Instructions to follow:
For this exercise, an exact copy is needed of only the lines from the one containing "Investment Order Shot PowerPoint Template" through the end of the data, with pictures left out.

Record set:
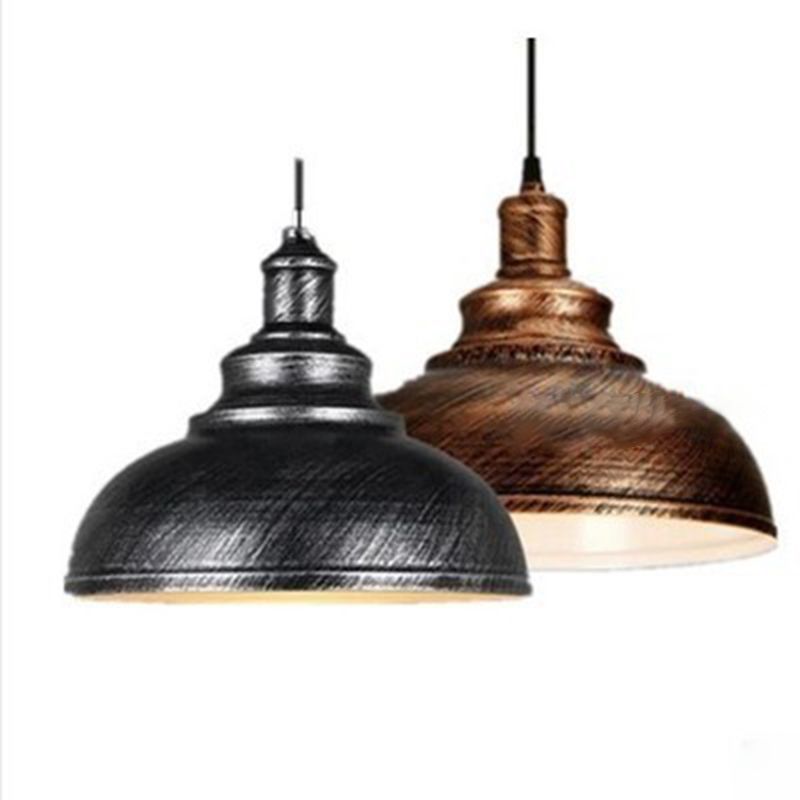 Dome-Shaped Pendant Lighting Fixtures Industrial 1 Light Metal Hanging Pendant Light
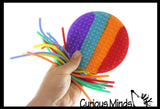 NEW - Noodle Board Fidget  Circle Double Sided - Press and Peel Noodles Sensory Toy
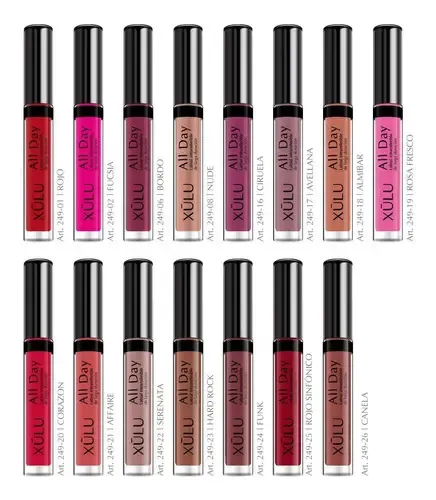 Labial Líquido Intransferible All Day Larga Duración Z249 Acabado Mate Color 21 – Affaire
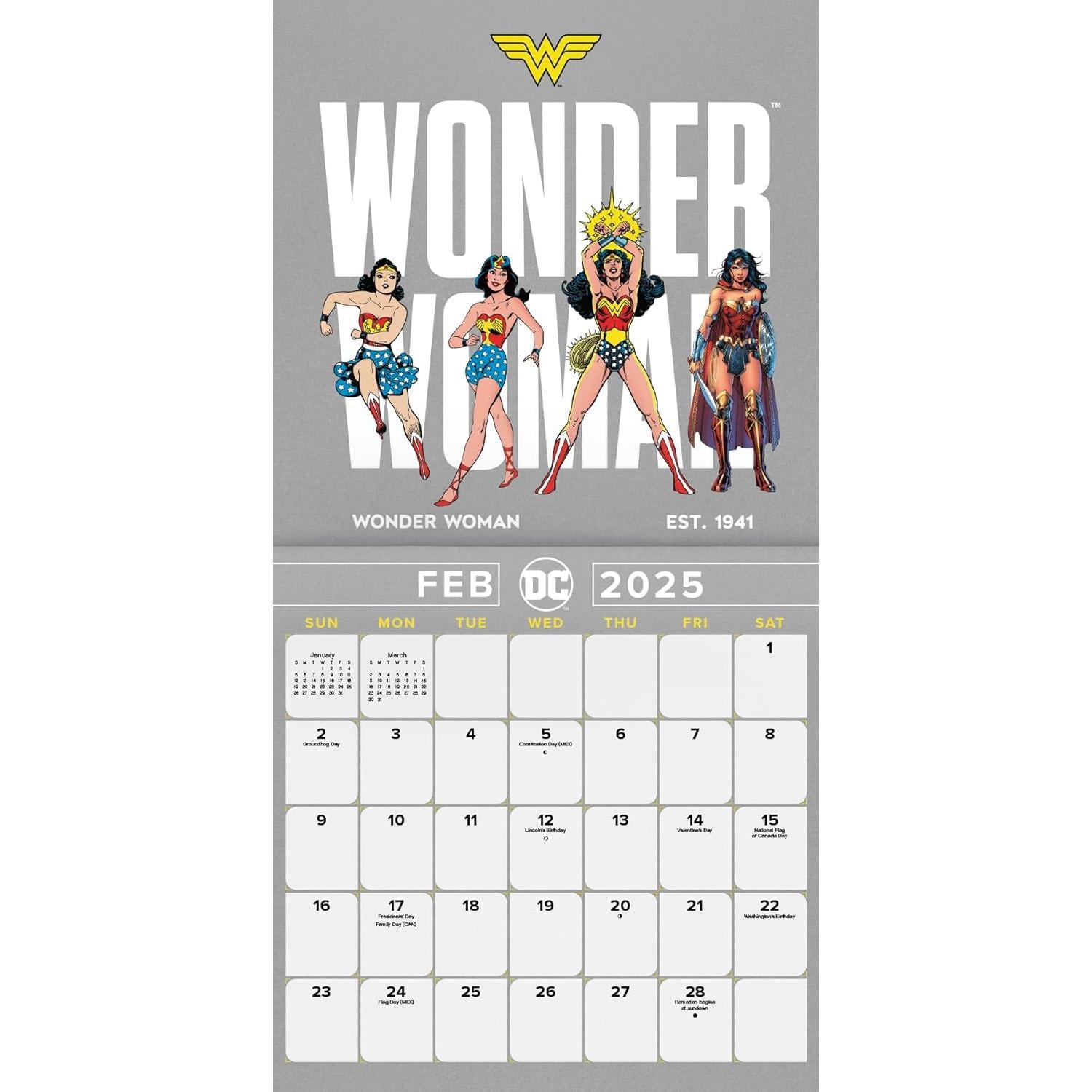 2025 DC Comics - 90th Anniversary Collector's Edition Calendar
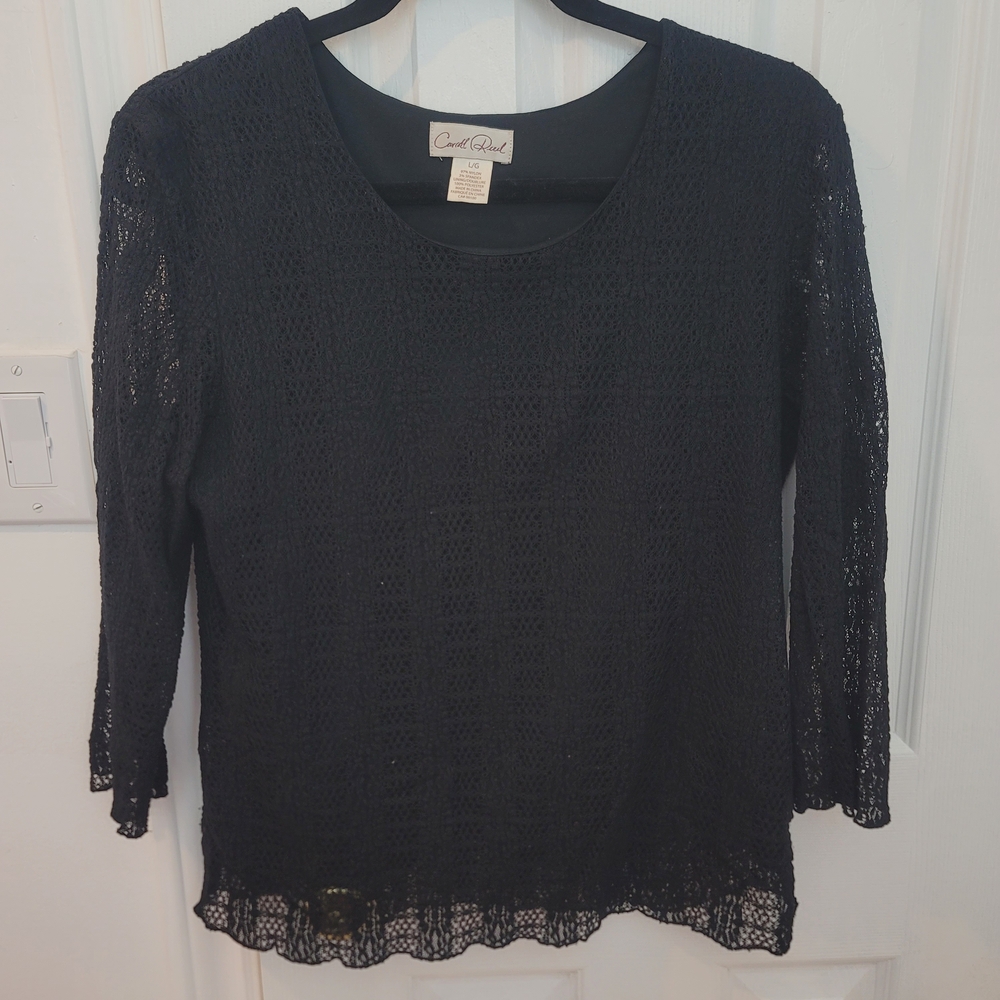 Carroll Reed Black Blouse Elegant Design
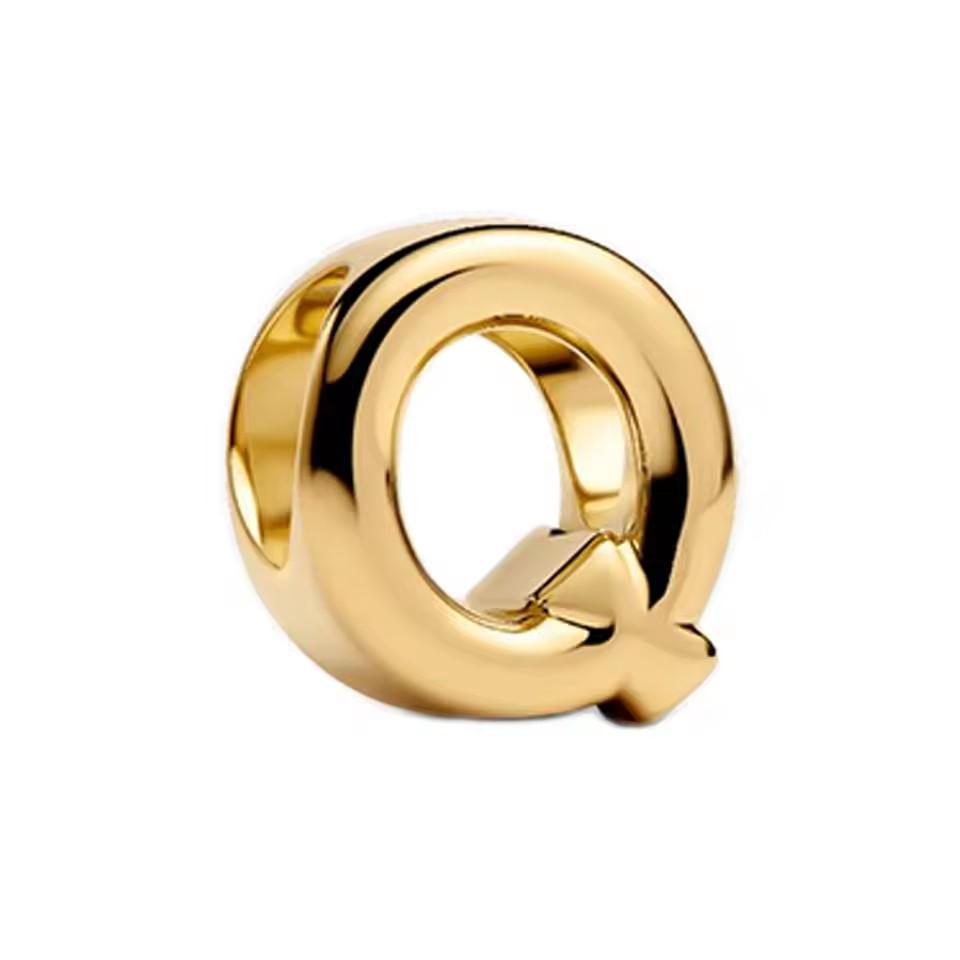 Classic And Minimalist Copper And Gold 26 Letters A-Z Charm Beads Fit For Bracelets Necklaces Diy Boutique Party Jewelry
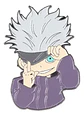 Pins De Satoru Gojo / Jujutsu Kaisen / Broches Metálicos - Miniatura 5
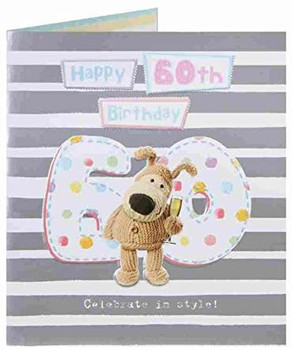 Boofle 60th Birthday Card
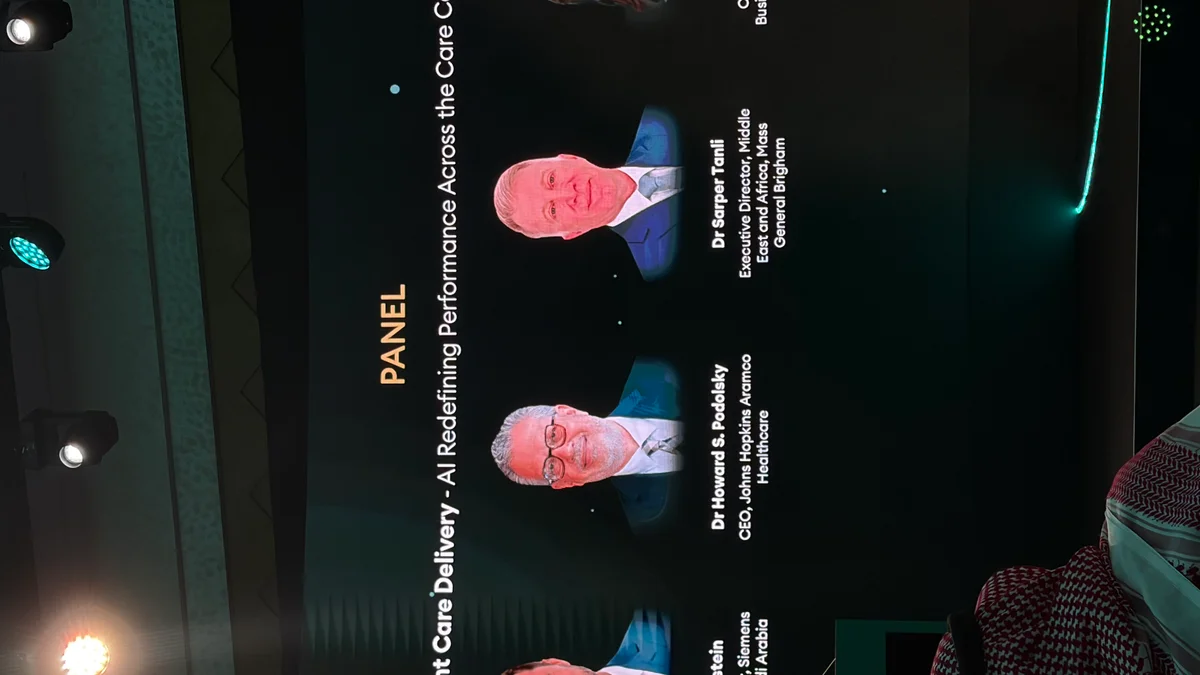 Healthcare leaders discuss the influence of AI on Kingdom's healthcare growth (AN Photo / Basmah Albasrawi)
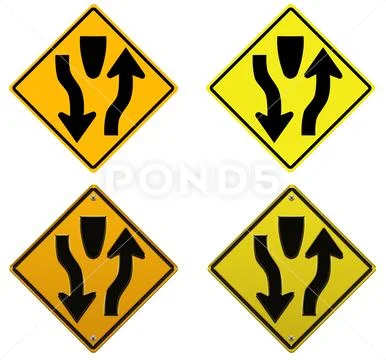 Road Caution PSD Template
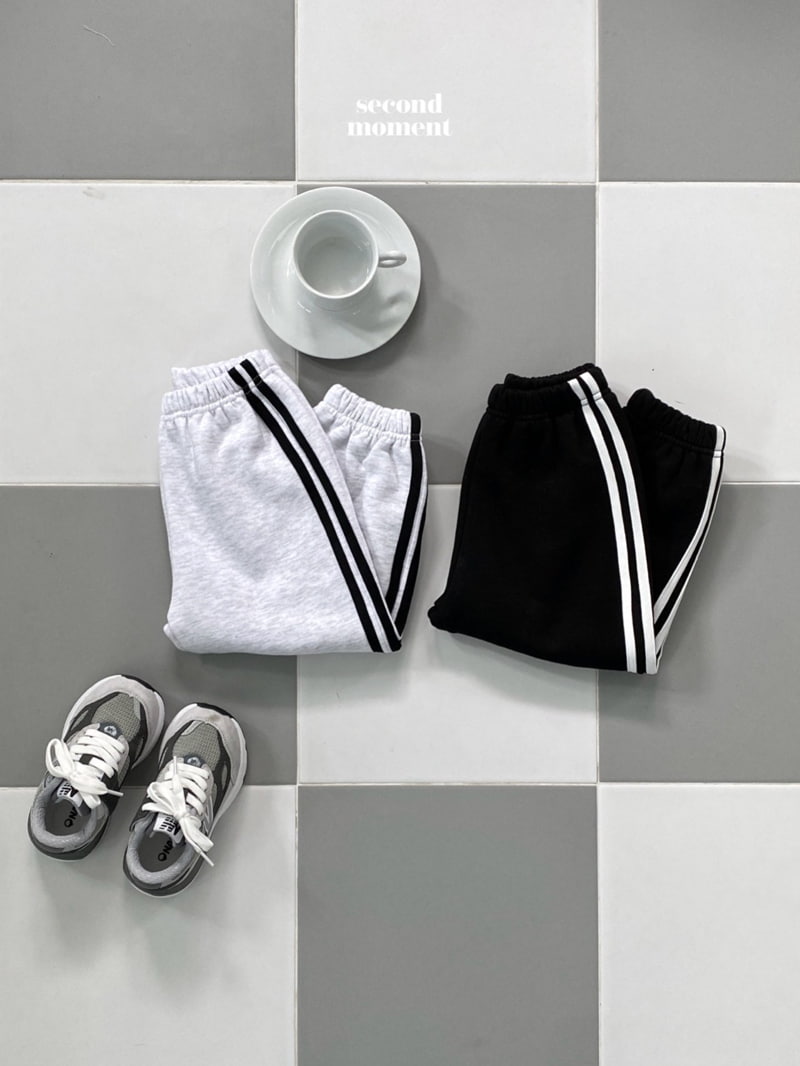 Second Moment - Korean Children Fashion - #designkidswear - Tape Jogger Pants - 4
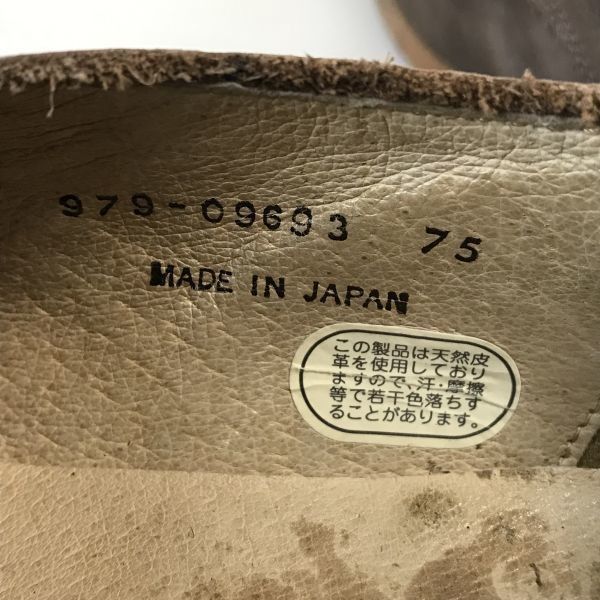 Made in Japan☆TK/タケオキクチ☆本革/ヌバックレザー/ブローグ
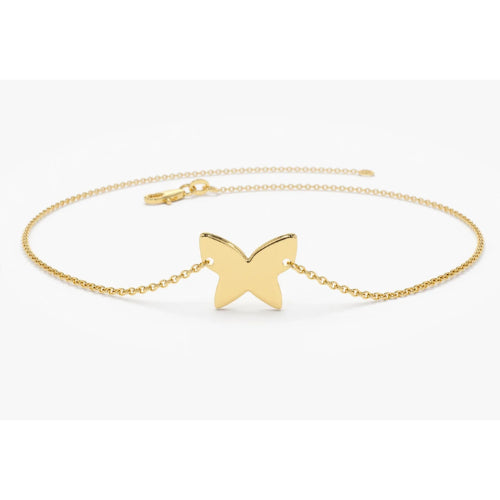 Fluttering Butterfly Silver Bracelet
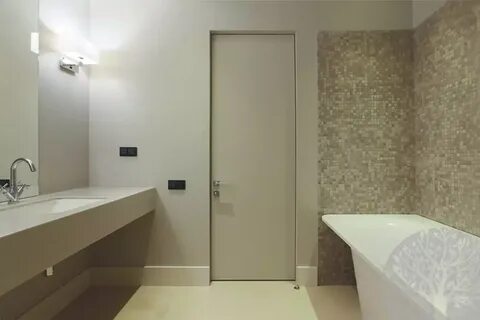 Дверь в ванную без наличников отделка плиткой - Фотобанк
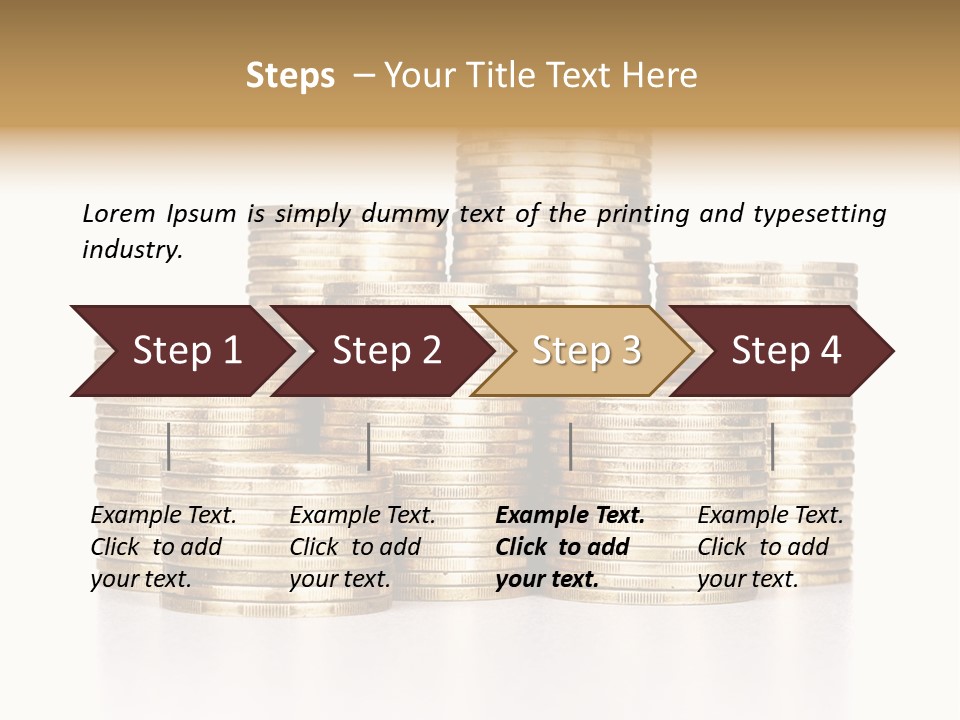 Investment Order Shot PowerPoint Template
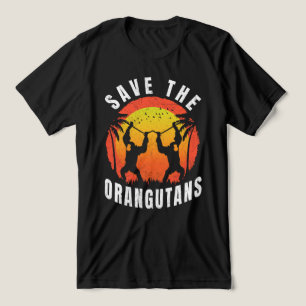T-shirt En Tri-matière Sauvez Les Orangutans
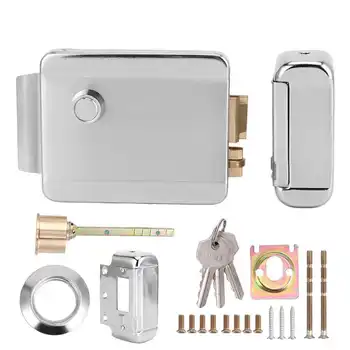 

DC12V Single Headed Electric Control Lock Anti‑Theft Security for Home Door Access Low Failure Rate Left Reverse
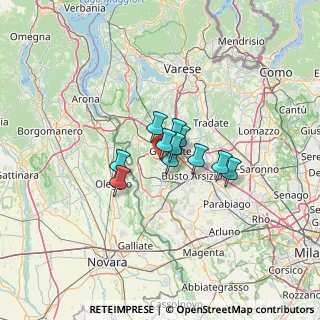 Mappa Via Fratelli Cervi, 21010 Cardano Al Campo VA, Italia (6.85727)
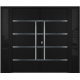Nova Inox S3 Black Modern Exterior Double Door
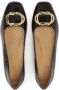 Kazar Black leather pumps embossed with animal print - Thumbnail 5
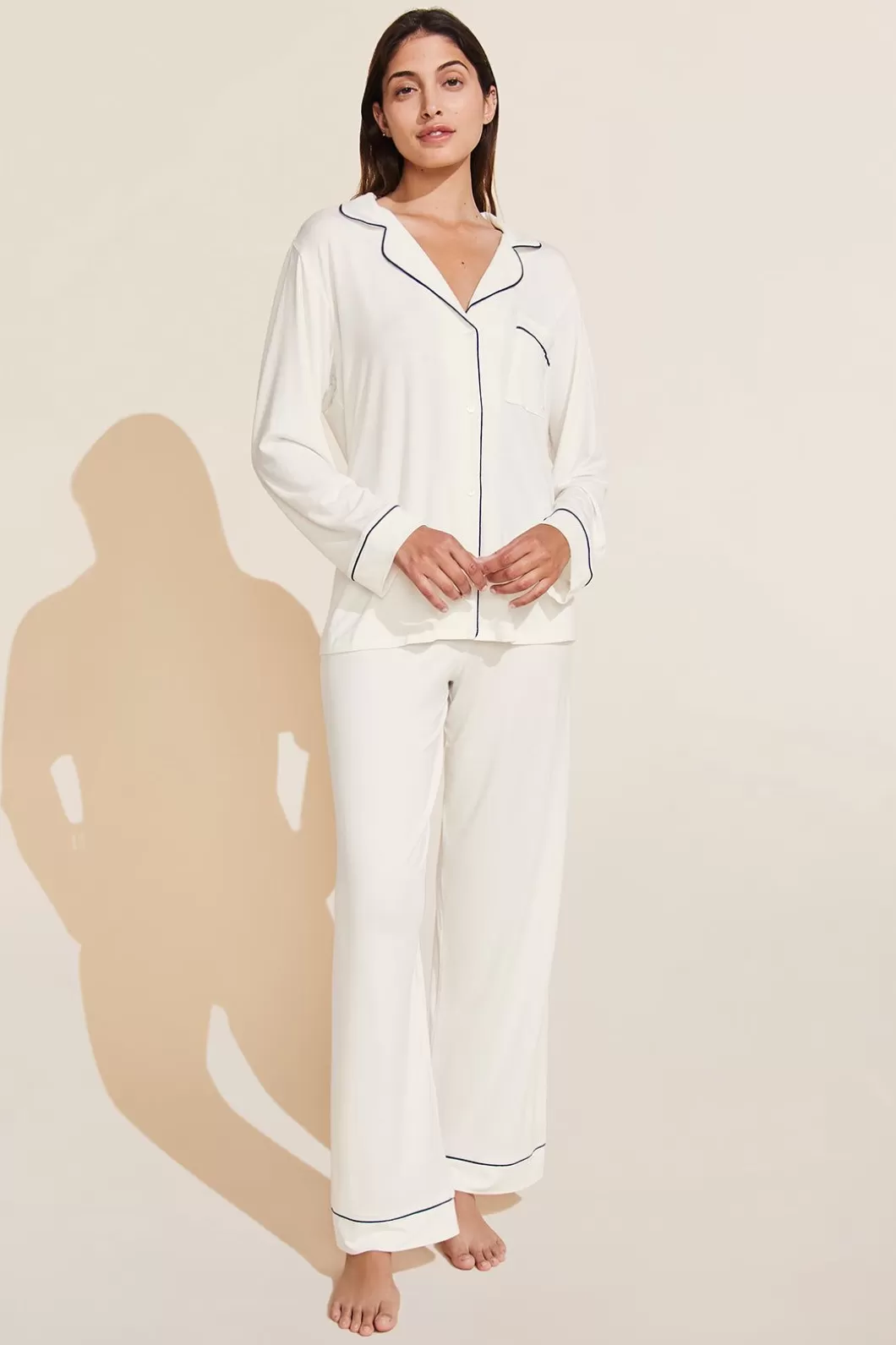 Eberjey Gisele Tencel Modal Long Pj Set- Pajamas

Task response:
 Investment Order Shot PowerPoint Template
T-shirt En Tri-matière Sauvez Les Orangutans

DC12V Single Headed Electric Control Lock Anti‑Theft Security for Home Door Access Low Failure Rate Left Reverse
 Mappa Via Fratelli Cervi, 21010 Cardano Al Campo VA, Italia (6.85727)
Nova Inox S3 Black Modern Exterior Double Door
 Kazar Black leather pumps embossed with animal print - Thumbnail 5
 Eberjey Gisele Tencel Modal Long Pj Set- Pajamas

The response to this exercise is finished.